● **Input records**
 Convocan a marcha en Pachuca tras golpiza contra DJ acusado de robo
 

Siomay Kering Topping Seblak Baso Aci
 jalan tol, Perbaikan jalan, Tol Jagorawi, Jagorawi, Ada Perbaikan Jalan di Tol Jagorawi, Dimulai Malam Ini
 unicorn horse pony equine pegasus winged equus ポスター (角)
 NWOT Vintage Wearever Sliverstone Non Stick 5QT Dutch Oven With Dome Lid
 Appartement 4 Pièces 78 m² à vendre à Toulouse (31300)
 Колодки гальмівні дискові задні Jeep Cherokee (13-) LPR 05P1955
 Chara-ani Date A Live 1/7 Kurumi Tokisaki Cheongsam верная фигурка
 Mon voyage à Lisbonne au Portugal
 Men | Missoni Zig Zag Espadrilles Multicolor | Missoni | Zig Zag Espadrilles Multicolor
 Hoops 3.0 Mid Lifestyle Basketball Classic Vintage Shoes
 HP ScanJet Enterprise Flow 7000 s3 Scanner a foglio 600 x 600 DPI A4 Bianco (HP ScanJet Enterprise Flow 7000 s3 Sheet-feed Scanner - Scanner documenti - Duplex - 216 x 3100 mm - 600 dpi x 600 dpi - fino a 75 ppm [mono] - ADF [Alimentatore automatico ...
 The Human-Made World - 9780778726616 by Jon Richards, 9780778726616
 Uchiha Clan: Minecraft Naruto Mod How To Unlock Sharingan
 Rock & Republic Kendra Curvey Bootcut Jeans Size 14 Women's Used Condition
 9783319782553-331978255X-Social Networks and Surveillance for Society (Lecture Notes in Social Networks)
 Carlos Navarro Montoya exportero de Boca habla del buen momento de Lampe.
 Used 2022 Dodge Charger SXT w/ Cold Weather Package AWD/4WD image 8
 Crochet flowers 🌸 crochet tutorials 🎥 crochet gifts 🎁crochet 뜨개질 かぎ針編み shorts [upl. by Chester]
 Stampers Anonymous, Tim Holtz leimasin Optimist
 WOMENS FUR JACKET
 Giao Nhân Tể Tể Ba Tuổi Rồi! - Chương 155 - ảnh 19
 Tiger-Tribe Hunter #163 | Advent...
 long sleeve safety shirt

● **Work instructions**
Give the full listing above again, exactly as it was presented.

● **Answer to this exercise**
 Convocan a marcha en Pachuca tras golpiza contra DJ acusado de robo
 

Siomay Kering Topping Seblak Baso Aci
 jalan tol, Perbaikan jalan, Tol Jagorawi, Jagorawi, Ada Perbaikan Jalan di Tol Jagorawi, Dimulai Malam Ini
 unicorn horse pony equine pegasus winged equus ポスター (角)
 NWOT Vintage Wearever Sliverstone Non Stick 5QT Dutch Oven With Dome Lid
 Appartement 4 Pièces 78 m² à vendre à Toulouse (31300)
 Колодки гальмівні дискові задні Jeep Cherokee (13-) LPR 05P1955
 Chara-ani Date A Live 1/7 Kurumi Tokisaki Cheongsam верная фигурка
 Mon voyage à Lisbonne au Portugal
 Men | Missoni Zig Zag Espadrilles Multicolor | Missoni | Zig Zag Espadrilles Multicolor
 Hoops 3.0 Mid Lifestyle Basketball Classic Vintage Shoes
 HP ScanJet Enterprise Flow 7000 s3 Scanner a foglio 600 x 600 DPI A4 Bianco (HP ScanJet Enterprise Flow 7000 s3 Sheet-feed Scanner - Scanner documenti - Duplex - 216 x 3100 mm - 600 dpi x 600 dpi - fino a 75 ppm [mono] - ADF [Alimentatore automatico ...
 The Human-Made World - 9780778726616 by Jon Richards, 9780778726616
 Uchiha Clan: Minecraft Naruto Mod How To Unlock Sharingan
 Rock & Republic Kendra Curvey Bootcut Jeans Size 14 Women's Used Condition
 9783319782553-331978255X-Social Networks and Surveillance for Society (Lecture Notes in Social Networks)
 Carlos Navarro Montoya exportero de Boca habla del buen momento de Lampe.
 Used 2022 Dodge Charger SXT w/ Cold Weather Package AWD/4WD image 8
 Crochet flowers 🌸 crochet tutorials 🎥 crochet gifts 🎁crochet 뜨개질 かぎ針編み shorts [upl. by Chester]
 Stampers Anonymous, Tim Holtz leimasin Optimist
 WOMENS FUR JACKET
 Giao Nhân Tể Tể Ba Tuổi Rồi! - Chương 155 - ảnh 19
 Tiger-Tribe Hunter #163 | Advent...
 long sleeve safety shirt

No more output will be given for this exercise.